_What is expected_. How do the lines read from the one holding "部编版小学语文一下14单元生字笔顺动画教学课件.ppt_第3页" through the last line of the listing? Set them down exactly, pictures omitted.

----

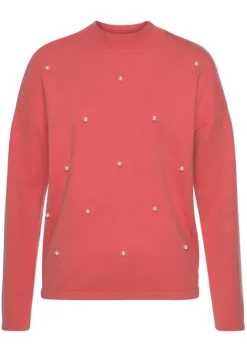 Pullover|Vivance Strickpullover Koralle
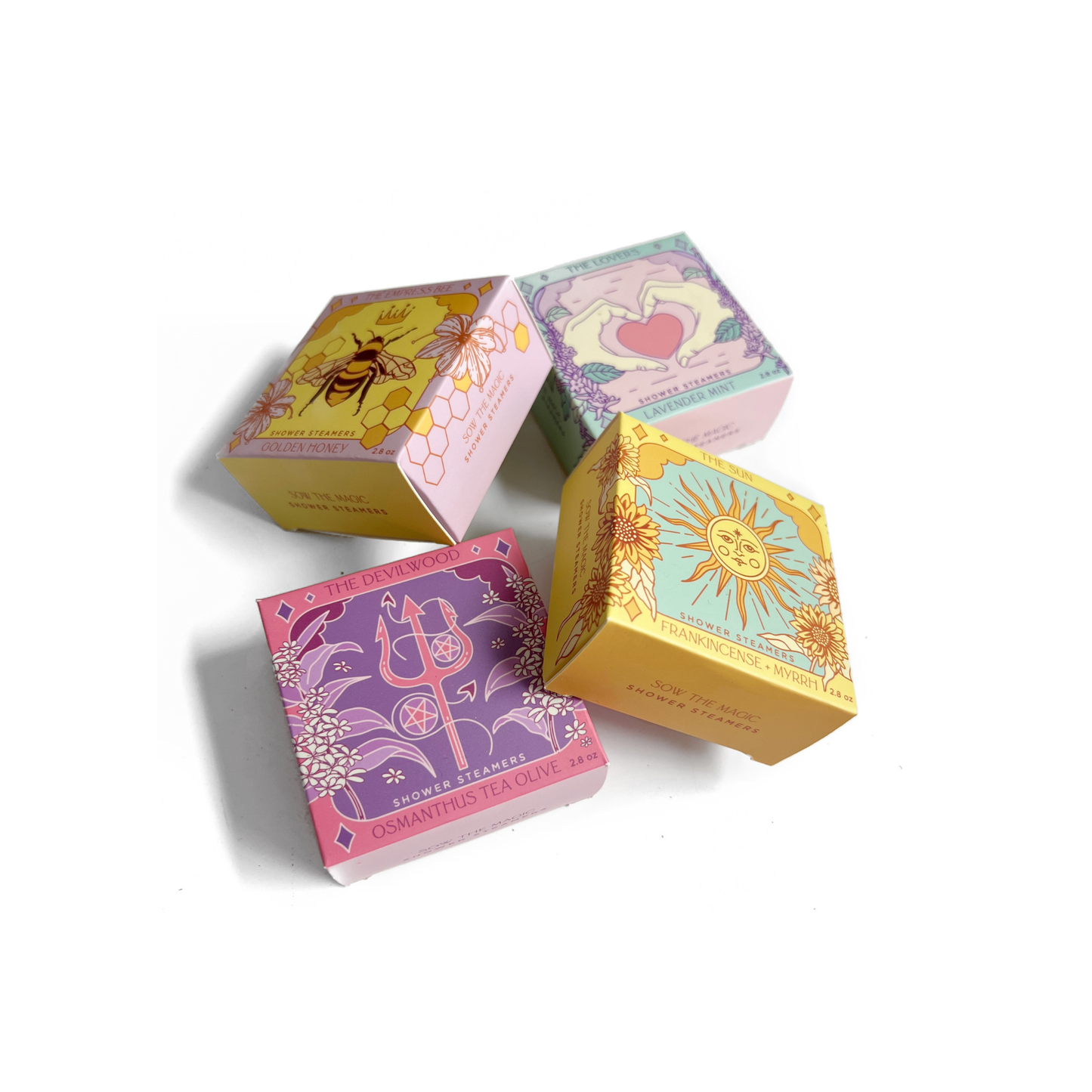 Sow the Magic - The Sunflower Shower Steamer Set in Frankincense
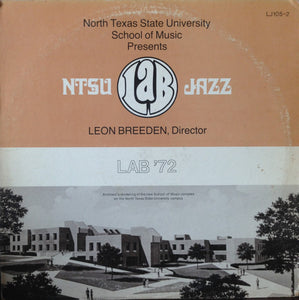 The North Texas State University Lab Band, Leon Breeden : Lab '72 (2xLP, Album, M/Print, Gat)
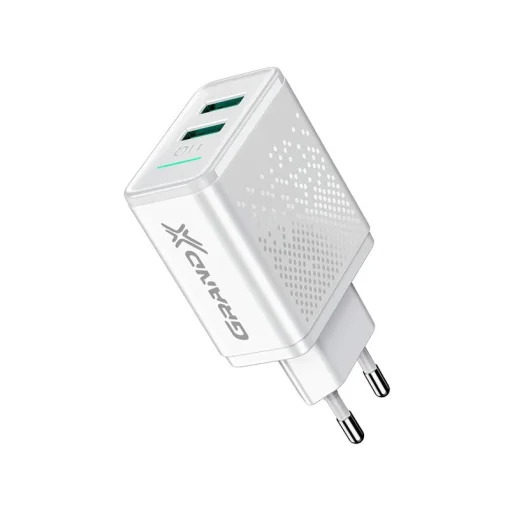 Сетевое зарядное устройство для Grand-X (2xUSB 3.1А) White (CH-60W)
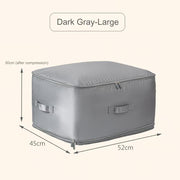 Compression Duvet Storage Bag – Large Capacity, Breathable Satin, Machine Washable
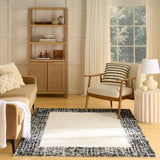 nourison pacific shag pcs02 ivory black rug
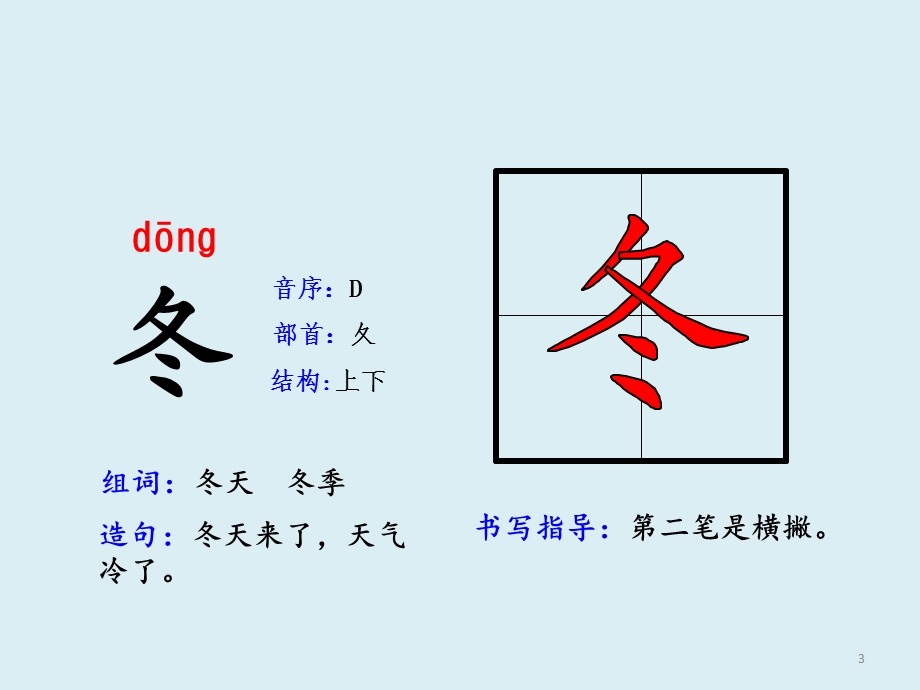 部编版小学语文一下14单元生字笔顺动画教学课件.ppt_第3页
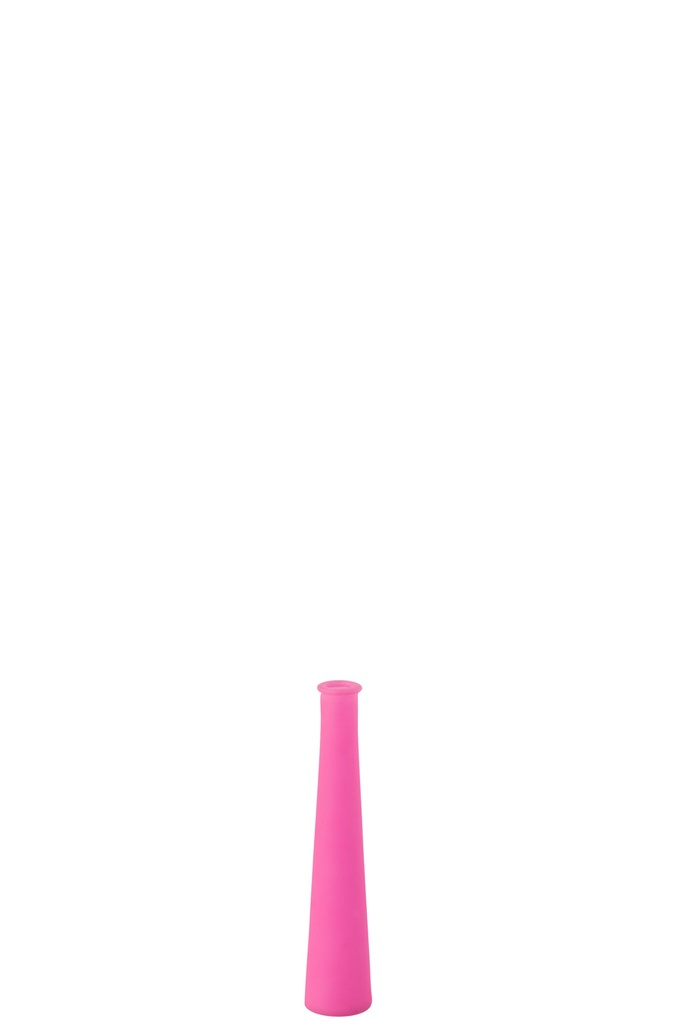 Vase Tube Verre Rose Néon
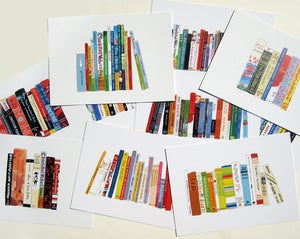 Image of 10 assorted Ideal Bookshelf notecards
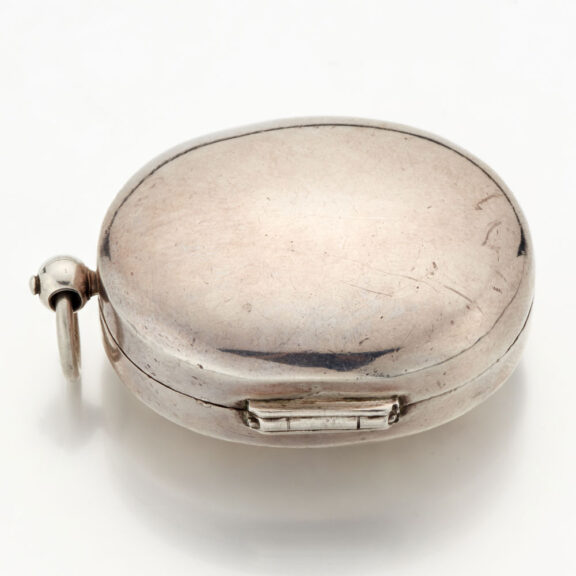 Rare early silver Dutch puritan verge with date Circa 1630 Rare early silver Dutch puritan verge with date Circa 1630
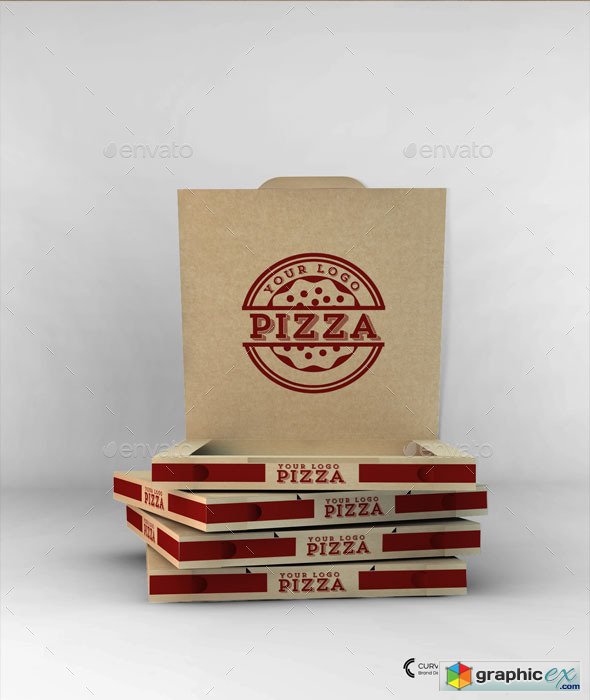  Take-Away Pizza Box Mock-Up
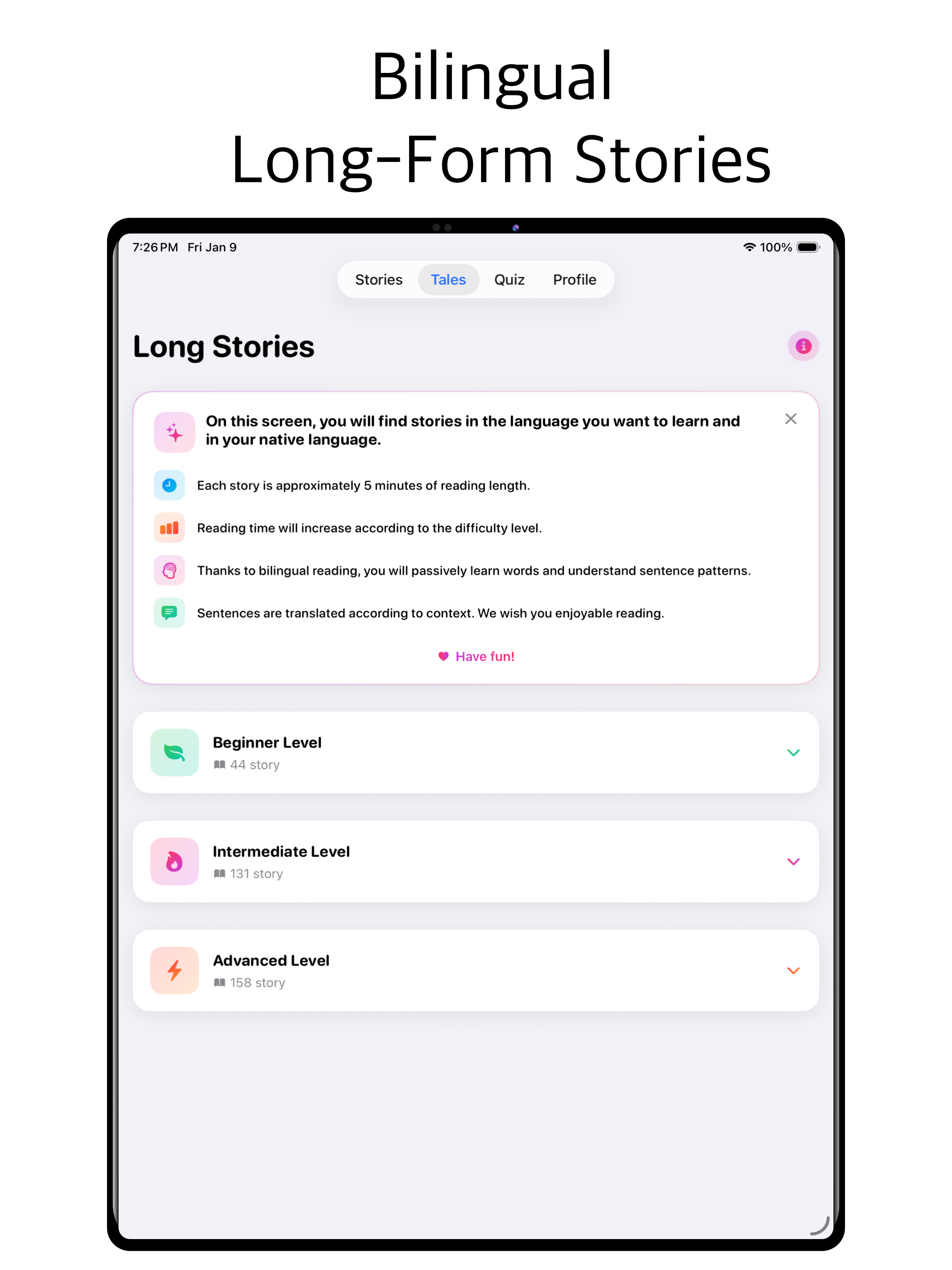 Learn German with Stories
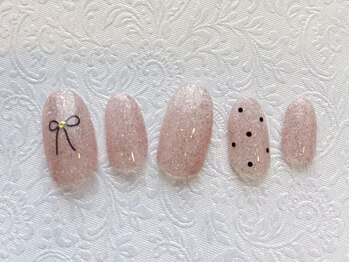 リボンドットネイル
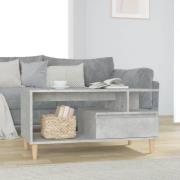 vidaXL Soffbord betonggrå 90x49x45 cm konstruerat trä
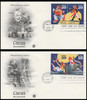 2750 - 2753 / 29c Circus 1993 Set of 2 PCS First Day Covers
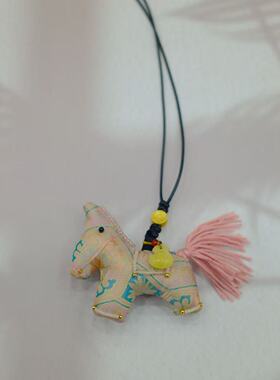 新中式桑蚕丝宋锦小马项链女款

----

_Solution for this task_.
 部编版小学语文一下14单元生字笔顺动画教学课件.ppt_第3页
 Vase Tube Verre Rose Néon
 Image of 10 assorted Ideal Bookshelf notecards
 Rare early silver Dutch puritan verge with date Circa 1630 Rare early silver Dutch puritan verge with date Circa 1630
  Take-Away Pizza Box Mock-Up
 Learn German with Stories
 リボンドットネイル
 vidaXL Soffbord betonggrå 90x49x45 cm konstruerat trä
 2750 - 2753 / 29c Circus 1993 Set of 2 PCS First Day Covers
 新中式桑蚕丝宋锦小马项链女款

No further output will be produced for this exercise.